In the listing below, find each line that holds the string "Luxury" and copy it.

GIVEN DATA section start

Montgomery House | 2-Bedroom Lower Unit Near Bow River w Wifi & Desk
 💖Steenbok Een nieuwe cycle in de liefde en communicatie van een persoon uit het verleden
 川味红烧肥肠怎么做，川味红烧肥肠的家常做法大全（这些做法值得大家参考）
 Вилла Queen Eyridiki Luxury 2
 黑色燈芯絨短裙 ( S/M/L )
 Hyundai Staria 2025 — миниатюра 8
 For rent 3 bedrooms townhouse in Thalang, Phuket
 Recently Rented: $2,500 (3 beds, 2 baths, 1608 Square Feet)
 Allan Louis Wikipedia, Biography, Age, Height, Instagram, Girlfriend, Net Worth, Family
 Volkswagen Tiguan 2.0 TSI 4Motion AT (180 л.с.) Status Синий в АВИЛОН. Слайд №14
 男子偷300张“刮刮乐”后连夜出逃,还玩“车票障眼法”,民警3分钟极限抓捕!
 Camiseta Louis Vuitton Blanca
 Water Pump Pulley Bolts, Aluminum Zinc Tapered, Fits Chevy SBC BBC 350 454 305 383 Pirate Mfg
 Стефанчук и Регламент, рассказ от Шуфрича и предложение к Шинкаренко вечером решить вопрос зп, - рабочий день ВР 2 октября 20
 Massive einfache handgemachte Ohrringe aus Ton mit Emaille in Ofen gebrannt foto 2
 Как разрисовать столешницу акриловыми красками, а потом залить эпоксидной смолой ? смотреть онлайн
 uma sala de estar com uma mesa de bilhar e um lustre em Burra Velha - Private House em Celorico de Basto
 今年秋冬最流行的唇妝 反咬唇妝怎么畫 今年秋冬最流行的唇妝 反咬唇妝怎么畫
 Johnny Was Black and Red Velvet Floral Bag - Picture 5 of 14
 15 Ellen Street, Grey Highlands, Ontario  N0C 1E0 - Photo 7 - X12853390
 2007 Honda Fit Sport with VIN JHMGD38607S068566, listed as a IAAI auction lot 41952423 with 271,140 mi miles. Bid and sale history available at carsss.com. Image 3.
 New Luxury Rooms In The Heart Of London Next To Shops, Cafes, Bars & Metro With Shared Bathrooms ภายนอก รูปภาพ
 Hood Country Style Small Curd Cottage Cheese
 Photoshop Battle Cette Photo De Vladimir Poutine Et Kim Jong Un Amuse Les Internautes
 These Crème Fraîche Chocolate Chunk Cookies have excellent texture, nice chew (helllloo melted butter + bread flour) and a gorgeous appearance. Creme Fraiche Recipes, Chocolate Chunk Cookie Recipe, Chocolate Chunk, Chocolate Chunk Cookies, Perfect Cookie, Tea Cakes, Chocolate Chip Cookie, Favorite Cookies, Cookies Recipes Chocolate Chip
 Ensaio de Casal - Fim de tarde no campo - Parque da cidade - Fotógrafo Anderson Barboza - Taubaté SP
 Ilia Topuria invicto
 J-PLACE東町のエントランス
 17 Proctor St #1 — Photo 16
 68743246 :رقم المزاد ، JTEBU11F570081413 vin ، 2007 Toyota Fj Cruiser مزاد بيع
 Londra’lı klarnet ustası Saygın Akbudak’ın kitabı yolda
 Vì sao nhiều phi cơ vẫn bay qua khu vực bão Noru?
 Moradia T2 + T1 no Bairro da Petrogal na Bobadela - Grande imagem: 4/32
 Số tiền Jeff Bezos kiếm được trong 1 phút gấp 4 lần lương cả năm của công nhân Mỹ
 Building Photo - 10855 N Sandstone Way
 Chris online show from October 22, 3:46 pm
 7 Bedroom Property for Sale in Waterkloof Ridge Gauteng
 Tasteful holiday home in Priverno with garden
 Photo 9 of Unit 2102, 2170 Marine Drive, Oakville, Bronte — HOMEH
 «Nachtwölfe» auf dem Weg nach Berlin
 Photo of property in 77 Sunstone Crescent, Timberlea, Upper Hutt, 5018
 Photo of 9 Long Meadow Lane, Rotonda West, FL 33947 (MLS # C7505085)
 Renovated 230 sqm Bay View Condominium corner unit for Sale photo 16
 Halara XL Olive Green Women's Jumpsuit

GIVEN DATA section end

RESPONSE TO THE EXERCISE:
 Вилла Queen Eyridiki Luxury 2
 New Luxury Rooms In The Heart Of London Next To Shops, Cafes, Bars & Metro With Shared Bathrooms ภายนอก รูปภาพ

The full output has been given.